Something Old, Something New, by Reed Lackey
28 Feb
One of my biggest criticisms of the genre known as the “Christian film” is that the films too often feel reactionary. Rather than being created from a desire to tell a good story and tell it well, many films in the “Christian” genre are responding to a specific cultural condition with a specific message and an undeniable agenda.
The latest film to fall into this category is Old Fashioned, written and directed by Rik Swartzwelder, who also stars as the lead role opposite Elizabeth Roberts. The film centers around a couple whose romance is more akin to “courtship” than dating and was specifically marketed as the Evangelical response to 50 Shades of Grey. I should be upfront about the fact that I wasn’t expecting much from it.
But the marketing campaign was probably a disservice to the film because what I saw offered me a few surprises, which not only endeared it to me as a positive entry in the “Christian film” genre, but also gave me some glimmers of hope for where that genre might be headed.

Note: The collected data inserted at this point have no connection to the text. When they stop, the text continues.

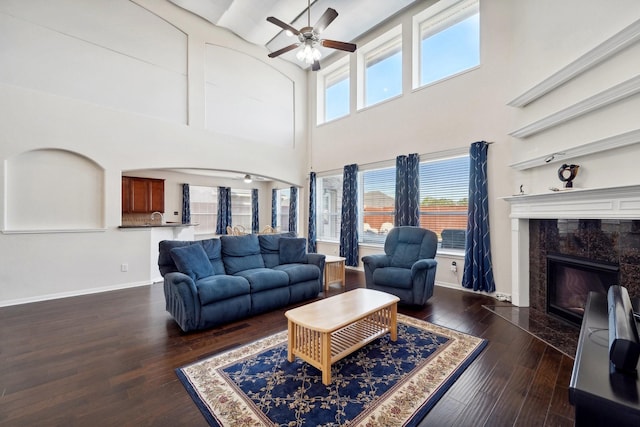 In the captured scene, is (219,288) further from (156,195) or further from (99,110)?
(156,195)

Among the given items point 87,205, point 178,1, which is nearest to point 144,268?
point 87,205

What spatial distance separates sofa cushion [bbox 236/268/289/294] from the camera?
11.1 feet

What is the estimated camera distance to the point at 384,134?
5.62 meters

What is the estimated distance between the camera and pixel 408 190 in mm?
5051

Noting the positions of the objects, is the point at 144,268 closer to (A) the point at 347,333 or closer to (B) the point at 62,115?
(B) the point at 62,115

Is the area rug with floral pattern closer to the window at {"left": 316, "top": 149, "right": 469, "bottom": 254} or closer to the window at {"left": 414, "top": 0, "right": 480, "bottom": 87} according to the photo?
the window at {"left": 316, "top": 149, "right": 469, "bottom": 254}

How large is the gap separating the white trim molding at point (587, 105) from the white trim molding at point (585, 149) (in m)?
0.35

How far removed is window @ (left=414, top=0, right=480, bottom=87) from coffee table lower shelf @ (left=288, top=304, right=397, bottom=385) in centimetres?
435

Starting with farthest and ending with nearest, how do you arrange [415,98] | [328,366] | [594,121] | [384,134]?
[384,134] → [415,98] → [594,121] → [328,366]

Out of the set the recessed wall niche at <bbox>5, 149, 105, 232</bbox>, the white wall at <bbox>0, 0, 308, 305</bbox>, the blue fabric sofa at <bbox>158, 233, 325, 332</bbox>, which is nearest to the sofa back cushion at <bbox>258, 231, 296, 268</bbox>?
the blue fabric sofa at <bbox>158, 233, 325, 332</bbox>

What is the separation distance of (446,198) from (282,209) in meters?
6.23

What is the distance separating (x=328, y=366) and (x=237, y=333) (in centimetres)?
133

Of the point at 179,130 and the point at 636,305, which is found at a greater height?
the point at 179,130

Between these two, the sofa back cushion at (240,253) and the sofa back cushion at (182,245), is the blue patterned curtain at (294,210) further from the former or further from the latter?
the sofa back cushion at (182,245)
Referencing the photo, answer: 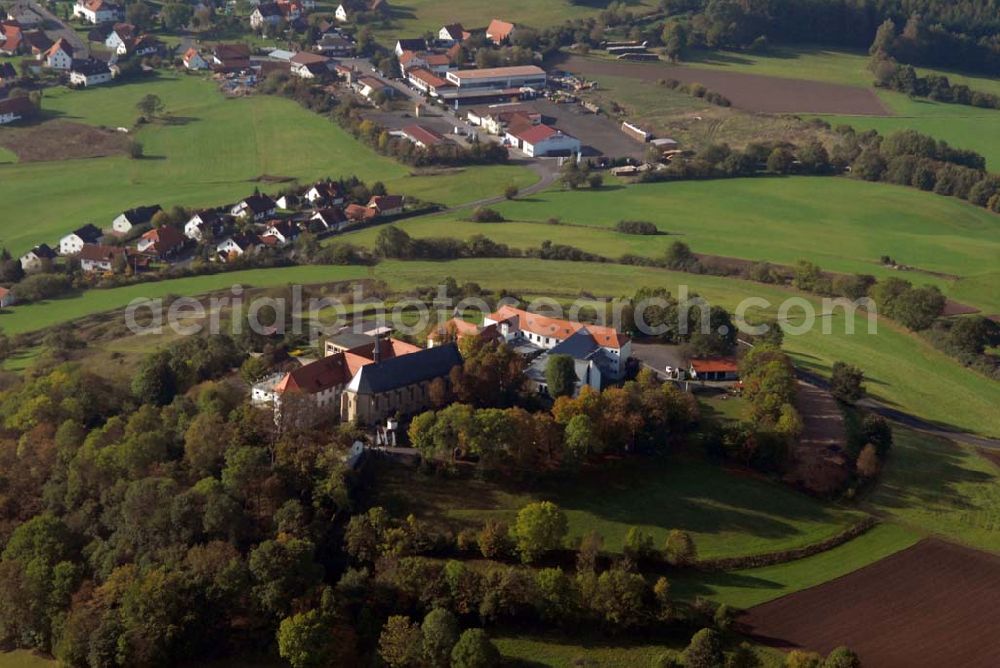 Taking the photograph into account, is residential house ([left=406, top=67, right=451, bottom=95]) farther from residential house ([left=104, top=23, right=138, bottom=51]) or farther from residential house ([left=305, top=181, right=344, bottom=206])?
residential house ([left=104, top=23, right=138, bottom=51])

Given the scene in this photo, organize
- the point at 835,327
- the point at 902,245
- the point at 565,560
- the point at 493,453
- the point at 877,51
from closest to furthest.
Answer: the point at 565,560 → the point at 493,453 → the point at 835,327 → the point at 902,245 → the point at 877,51

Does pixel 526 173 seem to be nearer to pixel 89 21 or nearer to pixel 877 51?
pixel 877 51

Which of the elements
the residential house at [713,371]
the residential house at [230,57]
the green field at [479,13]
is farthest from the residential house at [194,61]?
the residential house at [713,371]

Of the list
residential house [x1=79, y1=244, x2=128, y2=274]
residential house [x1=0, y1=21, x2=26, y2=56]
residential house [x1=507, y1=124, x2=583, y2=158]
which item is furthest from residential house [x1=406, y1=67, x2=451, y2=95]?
residential house [x1=79, y1=244, x2=128, y2=274]

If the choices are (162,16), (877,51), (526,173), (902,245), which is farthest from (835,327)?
(162,16)

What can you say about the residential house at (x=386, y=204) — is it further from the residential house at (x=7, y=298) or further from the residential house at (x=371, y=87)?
the residential house at (x=371, y=87)

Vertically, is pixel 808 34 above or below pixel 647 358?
above

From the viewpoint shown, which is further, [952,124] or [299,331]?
[952,124]

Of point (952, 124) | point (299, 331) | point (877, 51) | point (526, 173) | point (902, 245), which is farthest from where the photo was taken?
point (877, 51) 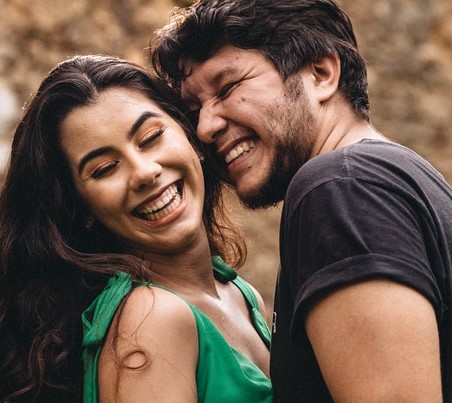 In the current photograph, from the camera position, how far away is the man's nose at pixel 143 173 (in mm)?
2729

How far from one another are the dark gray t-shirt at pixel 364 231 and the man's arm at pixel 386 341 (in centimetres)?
4

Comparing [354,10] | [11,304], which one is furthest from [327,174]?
[354,10]

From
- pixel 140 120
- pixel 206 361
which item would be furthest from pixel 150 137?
pixel 206 361

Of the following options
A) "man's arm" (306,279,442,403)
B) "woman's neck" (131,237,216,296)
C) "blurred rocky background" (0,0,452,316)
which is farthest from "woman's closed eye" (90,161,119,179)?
"blurred rocky background" (0,0,452,316)

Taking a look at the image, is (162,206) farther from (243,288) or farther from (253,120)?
(243,288)

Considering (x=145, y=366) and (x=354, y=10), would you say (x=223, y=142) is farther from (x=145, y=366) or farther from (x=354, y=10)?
(x=354, y=10)

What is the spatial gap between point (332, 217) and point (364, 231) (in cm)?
8

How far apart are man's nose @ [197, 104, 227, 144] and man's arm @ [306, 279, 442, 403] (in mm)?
1152

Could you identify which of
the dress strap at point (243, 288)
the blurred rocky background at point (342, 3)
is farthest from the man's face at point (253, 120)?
the blurred rocky background at point (342, 3)

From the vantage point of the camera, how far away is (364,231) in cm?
191

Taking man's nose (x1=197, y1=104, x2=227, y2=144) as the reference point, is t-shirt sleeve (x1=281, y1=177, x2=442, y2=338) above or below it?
above

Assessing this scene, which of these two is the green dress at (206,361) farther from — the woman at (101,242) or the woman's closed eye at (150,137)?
the woman's closed eye at (150,137)

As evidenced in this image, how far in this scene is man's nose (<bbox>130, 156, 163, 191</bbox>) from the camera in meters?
2.73

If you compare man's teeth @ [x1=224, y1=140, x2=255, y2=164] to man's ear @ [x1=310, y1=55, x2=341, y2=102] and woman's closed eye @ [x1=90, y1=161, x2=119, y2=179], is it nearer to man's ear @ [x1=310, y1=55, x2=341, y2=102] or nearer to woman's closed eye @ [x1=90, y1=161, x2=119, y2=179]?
man's ear @ [x1=310, y1=55, x2=341, y2=102] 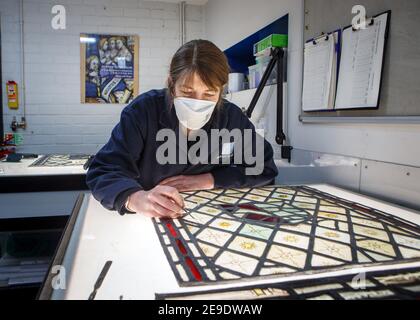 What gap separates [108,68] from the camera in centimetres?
356

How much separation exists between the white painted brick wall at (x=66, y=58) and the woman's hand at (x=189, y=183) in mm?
2532

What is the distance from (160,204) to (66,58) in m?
3.04

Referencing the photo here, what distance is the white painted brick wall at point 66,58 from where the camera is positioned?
3.32 m

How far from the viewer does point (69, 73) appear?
346 cm

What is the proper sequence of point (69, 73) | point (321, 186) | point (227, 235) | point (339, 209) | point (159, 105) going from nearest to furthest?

The story is that Clay, a small town businessman, rents a room to the adorable Amber, who only lands in town because it happened to be where her car ran out of gas. The two of them strike immediate chemistry, but Clay has some pretty rigid opinions– which he calls “theories”– about the inappropriateness of most of the modern dating model and refuses to even walk into her apartment with her because he doesn’t want to be alone with anyone who isn’t his wife. The first smart step this film takes is in a very early statement Amber makes to Clay after witnessing his extremely conservative behavior around her. “Old-fashioned,” she says, “that’s a little ‘on-the-nose’…”
But even though the film winks at its agenda so early, the first hour is a mess. The establishment of this world and the people who live in it barely feel believable for a metaphor, let alone for a film, and the behavior of its characters either too heavily foreshadows their back stories or completely betrays them.
The film’s beats play out in that same clichéd manner as well. The characters tell each other things about their life and their motivations not because the characters want to know, but because the audience needs to know. There is a section of the film’s audience that won’t mind this style, but for the critical or discerning viewer, the first hour will feel tedious.
The performances are competent, with the two leads standing at opposite ends of the quality spectrum (Elizabeth Roberts is a breath of fresh air, full of charm and believability, while Swartzwelder’s performance is sometimes painfully paint-by-numbers), the script is direct and lacks any shade of nuance and the film makes somewhat bizarre editing inserts which often interrupt the flow of the scenes rather than enhance it.
It may not sound like I cared very much for the film, and with the first hour, that’s mostly true. But the narrative takes a turn at the halfway mark which both shifted and elevated every element of the film I’ve criticized thus far. The story takes a single evening in the life of its characters, challenges them, and introduces complexity into what had previously been a singularly predictable narrative. I even found myself wondering if the film would have a happy ending or not, which for a Christian film is quite the achievement.
With the narrative’s development, the performances begin to elevate as well, as the actors are finally called upon to display emotional depth and range beyond the most basic building blocks of a clichéd story. The dialogue still felt a little too direct in places and one plot wrinkle felt a bit too convenient, but essentially I was suddenly watching a genuinely good movie.
But my favorite moments in the film involved conversations where the lead character’s extreme stances from the first hour begin to be confronted and tempered, not by villainous antagonists, but by characters who love him and whom we care for as an audience. It didn’t quite justify the stereotypes of the first half, but it came close. I expected a rigid and extreme propaganda piece on how the world does dating relationships wrong, but the last hour instead made a case that perhaps the other extreme on the conservative side is wrong too, and perhaps the best way might lay somewhere in the middle, where a higher standard is reached for without condemnation for those who don’t rise to it.
If the first half of Old Fashioned had been as brave as the second half, perhaps I’d be excitedly recommending this film to you. I can still do that for fans of simple romances (or the Hallmark Channel) because the film is undeniably romantic and fits well within that genre. Yet, as it stands, I can still cautiously recommend it for those interested in where Christian films might be heading, because there really is a good movie in Old Fashioned, mostly hiding behind the tropes we’ve come to expect, but peeking its head out in the film’s latter moments in a surprising way.